No bloco “Rússia e o Ocidente”, duas temáticas são salientadas: segurança e energia. Na relação com a Europa, torna-se evidente a preferência russa em agir por meio de bases bilaterais, bem como os dilemas e dificuldades das relações Moscou-Bruxelas. No que diz respeito ao relacionamento com os EUA, a cooperação se respalda em assuntos de controle e redução de armamentos. O expansionismo da OTAN para o leste europeu tornou-se um dos assuntos mais contenciosos da relação desde os anos 90. Não se pode deixar de mencionar outros litígios que englobam o relacionamento como a relação da Rússia com o Iraque, sintetizada em contratos comerciais lucrativos para Moscou, bem como a política russa no sul-asiático (China e Índia). Ainda, relações de menor intensidade para a política externa da Federação como as relações com a América Latina (a cooperação nuclear e militar com Caracas é um dos exemplos) são exploradas no bloco oito, o qual se intitula “Russia and the ‘Non-West’” (que pode ser traduzido como “não-ocidental”).

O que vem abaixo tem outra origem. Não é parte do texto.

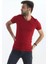 Erkek Slim Fit V Yaka Tişört - Dar Kesim Basic Günlük T-Shirt Bordo 1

O último capítulo, por sua vez, aborda os dois mandados presidenciais de Vladimir Putin (2001/2008), os quais coincidem com os atentados de 11/09 em território continental norte-americano e a emergência do terrorismo global (Guerra Global Contra o Terror – GWT) empreendida por Washington. Nesse contexto, Putin seguiu uma política pragmática, cooperando com os EUA em assuntos de interesse estratégico, mas se opondo em outros, como a construção de um sistema de defesa nacional antimíssil. O conflito do Iraque e a oposição de Moscou às intervenções norte-americanas em Bagdá são mencionados como fatores decisivos para o desgaste do relacionamento recíproco ao final das duas administrações – W. Bush e Putin.
Os autores concluem que ao final da gestão Putin, a Rússia conquistou o poder econômico, em grande medida, devido às altas dos preços de petróleo e gás, redescobrindo o seu status como grande poder. Apesar dessas mencionadas conquistas e o engajamento pragmático da Rússia editada na nova concepção de política externa aprovada por Vladimir Putin em 2000 (cf. The Foreign Policy Concept of the Russian Federation, 2000), a qual estabelece as prioridades da política do país cujas aspirações são globais, mas com um enfoque regional, uma competição interna de idéias e agravantes ainda fazem parte da realidade russa. Dentre os inúmeros desafios a serem enfrentados, citamos o encolhimento populacional e o conseqüente declínio da força de trabalho, bem como a dependência da economia com a extração e venda dos seus recursos naturais.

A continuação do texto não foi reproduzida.